AS IT HAPPENED, JANE’S
stay in Kent was so filled with visits and balls and long conversations with her brother Edward and his charming wife, Elizabeth, that she had little time for writing beyond the mandatory letters to Cassandra. She had not the heart to write to Mr. Mansfield of the scant progress she had made in the adventures of the Dashwood family, and so to his letters of literary encouragement she replied only with brief notes of family news and an account of a ball. To this last, Mr. Mansfield replied:

Dear Miss Austen,

Busbury Park is a lonely spot without you. I find neither Mrs. Harris, the housekeeper, nor the swans on the lake are able to converse on literary topics, and as for the residents of the main house, their interests lie much more in the way of shooting than reading. While I do not begrudge your brother a visit with his sister, you must return soon if my mind is not to atrophy. And please bring the Dashwoods with you. They are missed, though not as much as their creator.

Yours Most Affectionately,

Rev. Richard Mansfield

Laying this letter on her dressing table, Jane was surprised to find that a well of emptiness seemed to open in her heart. She had felt slightly odd during her visit, almost as if she were watching herself from a distance, and she had given that feeling no serious thought until this moment. Now she realized that she not only missed Mr. Mansfield, but she missed him terribly—in a way that she did not miss Cassandra or her parents. To be true, she felt their absence and looked forward to returning to the bosom of family, but this ache for Mr. Mansfield was something altogether different. It was not, she knew, the ache of a lover, for though she had not yet felt that ache herself, she knew enough of it from novels to know that the symptoms were entirely different. But she found that she could no longer think of him merely as a friend or companion.
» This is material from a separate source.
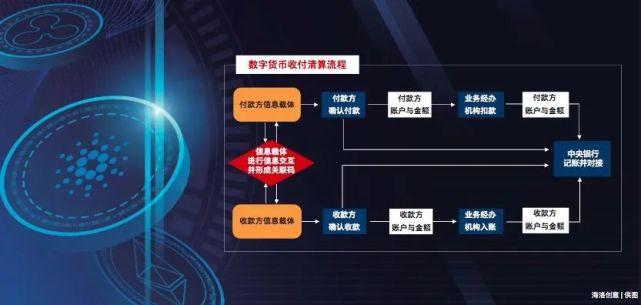 交易所登录流程虚拟币：探索数字货币交易的入口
That night she lay awake considering her feelings toward Mr. Mansfield. Certainly she was grateful to him for his kindness and encouragement, his honest criticism and his insightful suggestions—but one might feel the same way toward a schoolmaster, she thought. No, there could be no doubt about the matter: Jane loved Mr. Mansfield—not with the love of a heroine for a hero, but with a love that was slower and gentler, more intellectual than passionate, more . . . the word
avuncular
occurred to her but, though she certainly loved her uncles, her relationship with them was nothing like that with Mr. Mansfield. With him there was a meeting of the minds that she supposed was rare, even between husbands and wives. It was as if a part of her mind dwelt in him and a part of his mind dwelt in her, and when she was separated from him a part of herself was missing. She wondered if it was this, more than her busy schedule, that had kept her from returning to
Elinor and Marianne
.

That his letter arrived a few days before Jane’s departure for Hampshire only increased her desire to be home again, and the pain of parting from her brother and his family was eased, if not completely allayed, by the thought of returning not just to Cassandra and her parents, but especially to her frequent intercourse with Mr. Mansfield.